The official Committee of Petitioners is led by campaign co-chair Jason Sargis, and consists of “a diverse and engaged group of community members who believe Montclair should join the 97% of New Jersey municipalities where voters rather than politicians choose who sits on the BOE,” according to Vote Montclair.
“What we’ve seen over the last few years is that the time has come for the people themselves to decide who represents them in setting educational policy,” said Committee member Reggie Valentine, who is a product of the Montclair Public Schools and is now president of the PTA at Nishuane and a board member of the Montclair Community Pre-K. In addition to Sargis and Valentine, the Committee includes retired educator Beatrice Price, longtime PTA and community leader Selma Avdicevic, and Rodolfo Valdez.
Under state law, the petition must garner a number of signatures exceeding 15% of the votes cast in the most recent election for state assembly in the district to trigger a referendum on converting Montclair’s school district from an unelected “Type I” model to an elected “Type II” model. This works out to 1,020 signatures though Vote Montclair’s campaign organizers aim to collect at least double that.

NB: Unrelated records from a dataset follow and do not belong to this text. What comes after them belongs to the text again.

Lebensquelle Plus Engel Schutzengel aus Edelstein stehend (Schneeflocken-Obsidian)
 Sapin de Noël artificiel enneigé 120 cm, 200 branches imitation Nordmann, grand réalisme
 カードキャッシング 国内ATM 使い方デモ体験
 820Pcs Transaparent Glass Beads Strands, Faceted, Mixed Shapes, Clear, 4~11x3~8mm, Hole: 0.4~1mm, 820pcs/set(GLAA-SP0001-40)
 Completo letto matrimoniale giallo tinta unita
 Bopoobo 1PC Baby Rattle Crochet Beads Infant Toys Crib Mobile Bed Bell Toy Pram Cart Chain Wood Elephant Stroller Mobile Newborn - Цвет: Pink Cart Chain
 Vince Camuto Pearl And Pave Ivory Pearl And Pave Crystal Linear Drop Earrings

The Township of Montclair is currently one of only 11 out of 565 municipalities in New Jersey where members of the local Board of Education are appointed by the mayor rather than elected by popular vote. The League of Women Voters has released a statement in favor of maintaining an appointed BOE in Montclair, adding that past referenda on this issue were held in 1963, 1969, 1971, 1995 and, most recently, 2009 – and all were unsuccessful.